Vascular endothelial growth factor is bound by at least three various types of receptors: VEGF-R1 (Flt-1), VEGF-R2 (KDR/Flk-1) and VEGF-R3 (Flt-4), which belong to the family of receptors containing a domain with tyrosine kinase [6,8,14,18].
VEGF-R1 is found in the endothelium as well as on the surface of macrophages and monocytes. The lack of this receptor has been proven to cause disturbances in the structure and morphology of the resulting vessels.
VEGF-R2 is expressed in endothelial cells, platelets and haematopoietic cells. In animals lacking this receptor, there are disturbances in the formation of vascular endothelial cells and haematopoietic precursor cells. This receptor exhibits a lower affinity for the ligand than VEGF-R1.
The Flt-1 and KDR/Flk-1 receptors differ in their signal transduction mechanisms. The stimulation of the KDR/Flk-1 receptor triggers a strong reaction, whereas the stimulation of the Flt-1 receptor produces a weaker response. This suggests that the Flt-1 receptor can negatively regulate the process of angiogenesis [14,32,33]. In contrast, the activation of the KDR/Flk-1 receptor increases the proliferative activity of endothelial cells while, at the same time, inhibiting the apoptosis process and increasing the permeability of blood vessels. This receptor is probably responsible for the full spectrum of VEGF angiogenic activity [33,34].
VEGF-R3 is detectable in embryonic endothelial cells. In mature tissues, it is primarily found in lymphatic vascular endothelium, which indicates its involvement in lymphangiogenesis [14,32,34].
Even though VEGF receptors are endothelial cell receptors, they have also been found in neoplastic cells, and the VEGF originating from neoplastic cells acts as an autocrine factor that regulates the proliferation, migration and invasion of malignant cells, as well as their survival [15,33]. The most important factor influencing VEGF expression is hypoxia. Under conditions of reduced oxygen partial pressure, the amount in the cell of hypoxia-induced transcription factor HIF-1α (hypoxia-inducible factor), which activates the VEGF gene promoter, increases rapidly [15,18]. VEGF expression can also be stimulated through the influence of other cytokines: EGF, TGF-β, PGF2, IGF-1, IL-1 and IL-6 or due to mutations of certain genes (p53, p73, VHL (von Hippel Lindau) or oncogenes leading to neoplastic transformation [15].
Numerous studies confirm that VEGF is the most important mitogen for vascular endothelial cells and that it stimulates their proliferation and migration [6,11,15,28,35]. It is, therefore, a factor responsible for the formation of new vascular structures in neoplastic tumours [11,36]. VEGF is also referred to as a survival factor for endothelial cells and neoplastic cells themselves.
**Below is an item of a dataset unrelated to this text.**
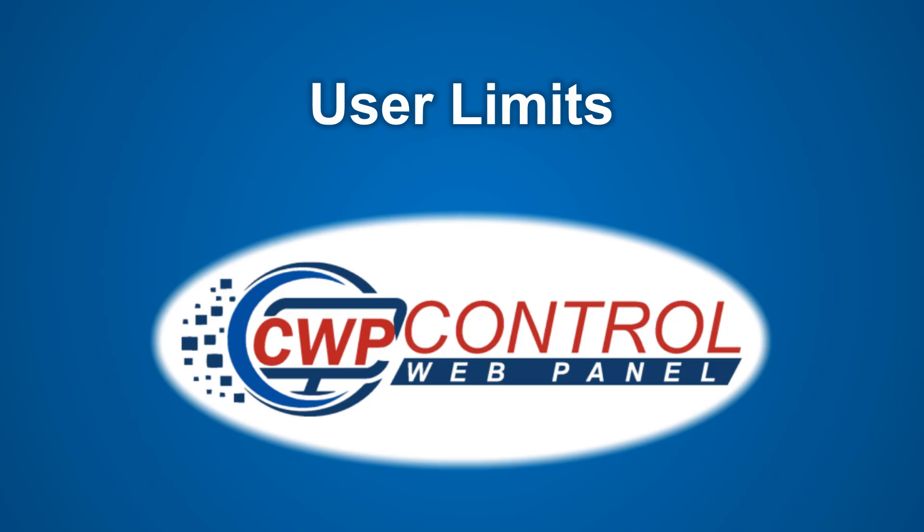Hello, welcome to this Control Web Panel tutorial. In this video, we're going to discuss user limits in the CWP Admin Panel.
It provides newly formed vessels with protection against apoptosis through the direct production of the anti-apoptotic protein Bcl-2 [37]. VEGF increases the permeability of blood vessels being formed. By activating proteolytic enzymes, it actively participates in the destruction of the extracellular space. This creates a space in which new vessels can form [7,15,38].
Very important growth factors influencing the process of neoangiogenesis are also as follows.
-
Fibroblast growth factor (FGF);
-
Epidermal growth factor (EGF);
-
Platelet-derived growth factor (PDGF);
-
Transforming growth factor (TGF-β1).

3.3.2. Fibroblast Growth Factor (FGF)

Several FGF forms are distinguished: a-FGF, b-FGF, FGF-3, FGF-4, FGF-5, FGF-6, FGF-7, FGF-8, FGF-9 and FGF-10. In the formation of vessels, the greatest importance is attributed to b-FGF [6,39].
It is secreted by endothelial cells and plays a regulatory role in the recruitment of smooth muscle cells, as well as the migration and sprouting of endothelial cells during the formation of the vessel’s lumen [14]. FGF exhibits synergistic activity with VEGF in the process of vessel formation, both under in vivo and in vitro conditions [39]. FGF stimulates the synthesis of urokinase and metalloproteinases that degrade the basic component of the blood vessel basement membrane, namely type IV collagen. The destruction of the basement membrane facilitates the migration of endothelial cells. The FGF factor also stimulates the proliferation and migration of fibroblasts and induces the synthesis of fibronectin, collagen, proteoglycans and hyaluronic acid, which play an important role in the formation of new blood vessels [40].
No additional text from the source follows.